Komosę ugotowałam w dwóch szklankach wody. Brokuła również ugotowałam. Marchewkę umyłam, obrałam, pokroiłam w plasterki i wrzuciłam na rozgrzany olej, dodałam pokrojoną cukinię i czosnek. Łososia oprószyłam solą i pieprzem, podzieliłam na porcje. Pomidory pokroiłam, dodałam do marchewki i cukinii. Przesunęłam je na jedną część patelni, na drugiej usmażyłam łososia. Do wszystkiego dodałam kurkumę, pieprz z młotkowaną kolendrą, wymieszałam. Na koniec dodałam ugotowanego brokuła i pokrojoną natkę pietruszki. Wymieszałam, dodałam ugotowana komosę, jeszcze raz przemieszałam i gotowe :)





21 komentarzy:

  1. Bardzo ciekawi mnie komosa i też mam na nią chrapkę. :) Chyba mnie namówiłaś. ;)

    OdpowiedzUsuń
  2. nie miałam okazji jeść takiego cuda, ale zapowiada się geeenialnie :)

    OdpowiedzUsuń
  3. Ja jeszcze nie próbowałam komosy, bo cena odstrasza, ale tak fajnie ją przygotowałaś, że chyba zaryzykuję i ją kupię :)

    OdpowiedzUsuń
  4. Lubię takie nowinki ,ale nie jadłam nigdy.

    OdpowiedzUsuń
  5. Uwielbiam komosę. Bardzo fajnie połączyłaś smaki.
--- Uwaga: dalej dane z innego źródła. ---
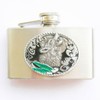 Buckle Flask, Wolf Emblem, Pocket Flask, Belt Buckle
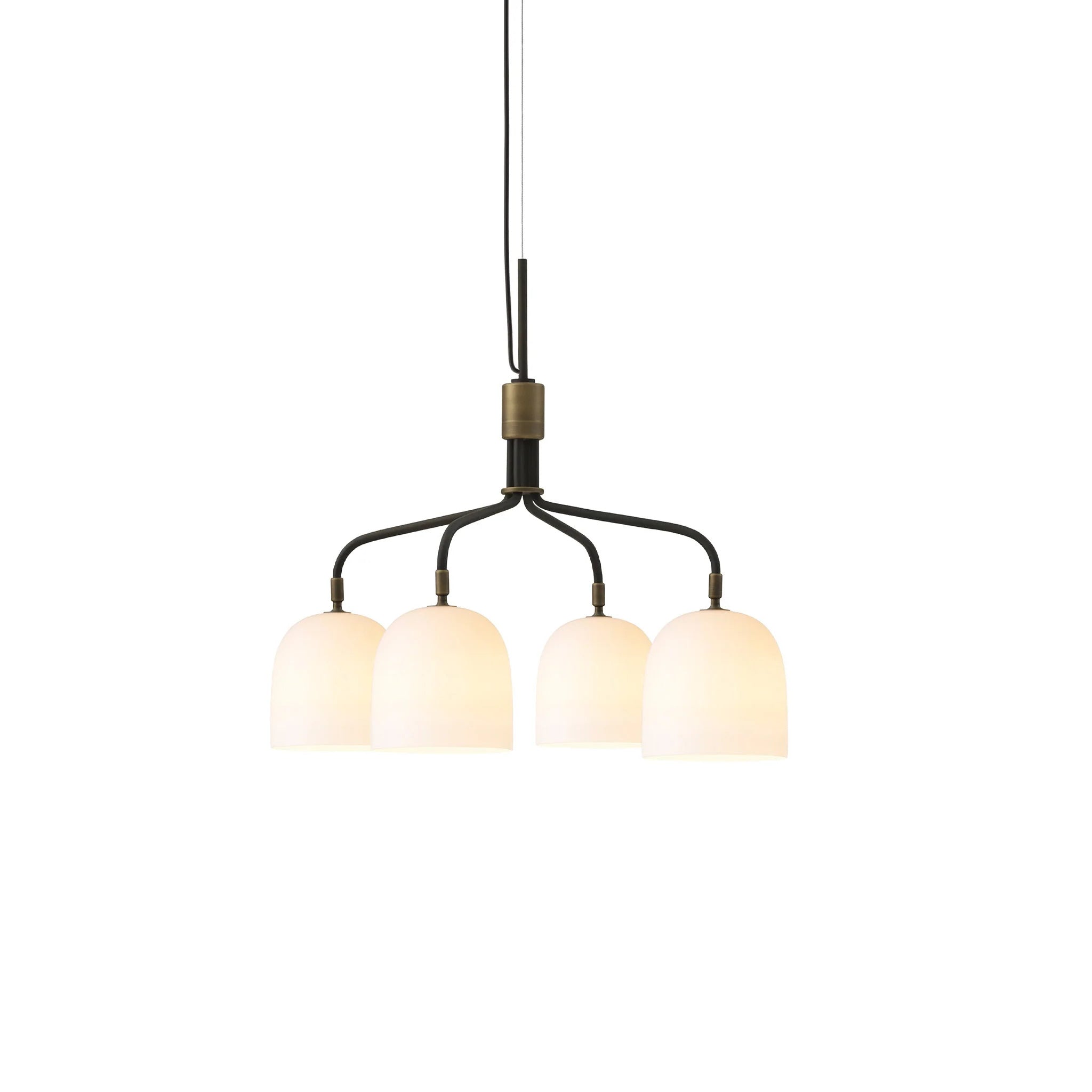 Casorira Chandelier Black Brass Industrial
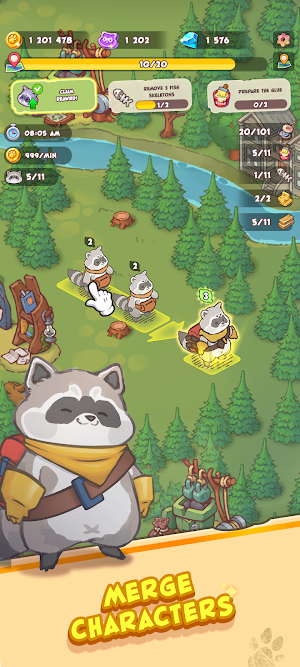 Racoon Tycoon Screenshot 1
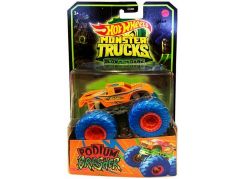 Hot Wheels Monster Trucks svítící ve tmě Podium Crasher oranžová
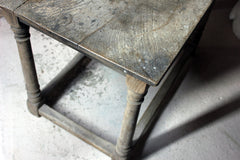A 17thC Dry Oak Charles II Period Side Table c.1680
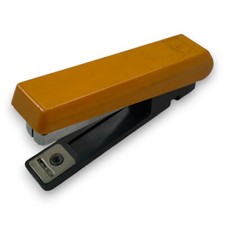 Vintage Edding H-10 Hefter Tacker Bürohefter 70er Retro Design in Orange Schwarz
Pycha :-)

    OdpowiedzUsuń
  6. Kolorowe zdrowe danie. Wyglada zachecajaco ;)

    OdpowiedzUsuń
  7. Bardzo lubię łososia. Wygląda pysznie! :)

    OdpowiedzUsuń
  8. Nie jadłam komosy. Ale tak po przeczytaniu tego co o niej napisałaś, myślę, że warto choćby spróbować. Jeśli zasmakuje to warto wprowadzić ją do menu. Cały obiad, który podałaś smacznie wygląda :) Zjadłabym, bo zrobiłaś mojego ulubionego łososia :)

    OdpowiedzUsuń
  9. Beti...jak ten Twój talerz wiosenny, kolorowy i apetyczny. :)

    OdpowiedzUsuń
  10. zdrowo, kolorowo i pysznie, czyli obiad idealny :-))

    OdpowiedzUsuń
  11. heh, ja też łażę za tą komosą i jeszcze mi nie wpadła w ręce........cza się ogarnąć;p
    wiele dobrego mówi się o niej, czyli cena mniej boli.;)

    OdpowiedzUsuń
  12. chętnie bym spróbowała, ale nigdzie nie widziałam w sklepie :(

    OdpowiedzUsuń
  13. Też jeszcze nie jadłam komosy, świetne danie wyczarowałaś :) Udanego weekendu!

    OdpowiedzUsuń
  14. Wygląda bardzo ladnie i smacznie :)

    OdpowiedzUsuń
  15. wygląda pysznie i kolorowo, komosy nie jadłam jeszcze, ale też tak mam jak Ty, że muszę wszystkiego spróbować, więc kiedyś pewnie to zrobię :)

    OdpowiedzUsuń
  16. Ciekawa propozycja na obiad, wygląda apetycznie i do tego zdrowo. Quinoa nie miałam okazji jeszcze próbować, ale będę musiała to nadrobić. :)

    OdpowiedzUsuń
  17. Jeszcze nie jadłam komosy, a danie wygląda smakowicie:)

    OdpowiedzUsuń

Dziękuję za odwiedziny, jest mi bardzo miło :)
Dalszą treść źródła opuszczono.